INFORMATION SUPPLIED:
[Start of section]

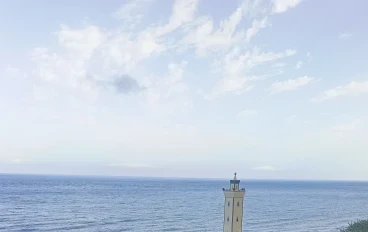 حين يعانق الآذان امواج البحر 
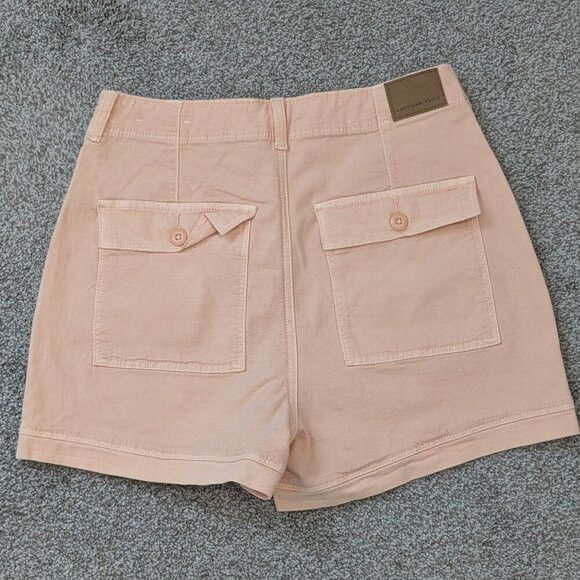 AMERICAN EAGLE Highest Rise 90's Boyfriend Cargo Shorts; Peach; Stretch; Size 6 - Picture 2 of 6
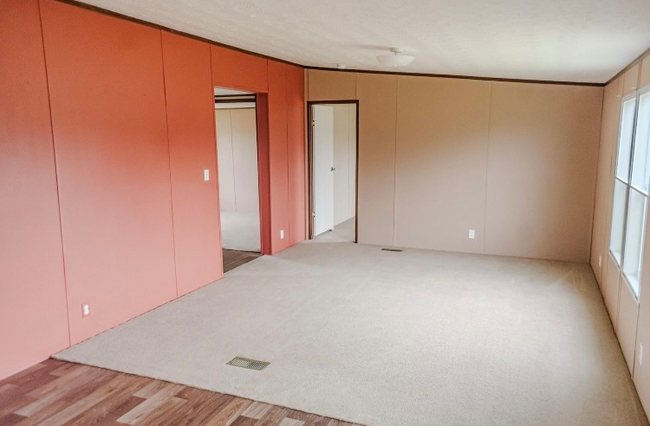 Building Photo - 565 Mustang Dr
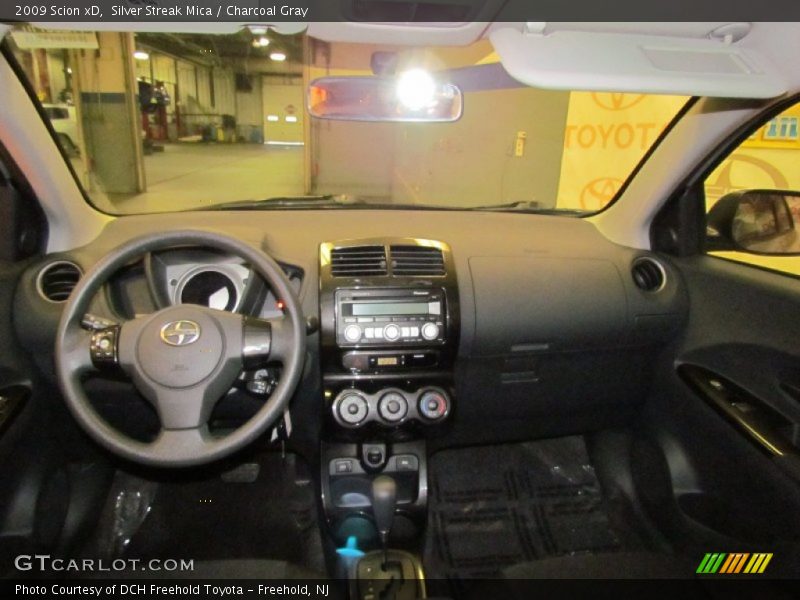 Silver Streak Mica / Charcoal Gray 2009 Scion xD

[End of section]

ASSIGNED TASK: Word for word, give again the lines from the line holding "AMERICAN EAGLE Highest" through the last line of the material, both included; pictures are not part of the copy.

RESULT OF THIS TASK:
 AMERICAN EAGLE Highest Rise 90's Boyfriend Cargo Shorts; Peach; Stretch; Size 6 - Picture 2 of 6
 Building Photo - 565 Mustang Dr
 Silver Streak Mica / Charcoal Gray 2009 Scion xD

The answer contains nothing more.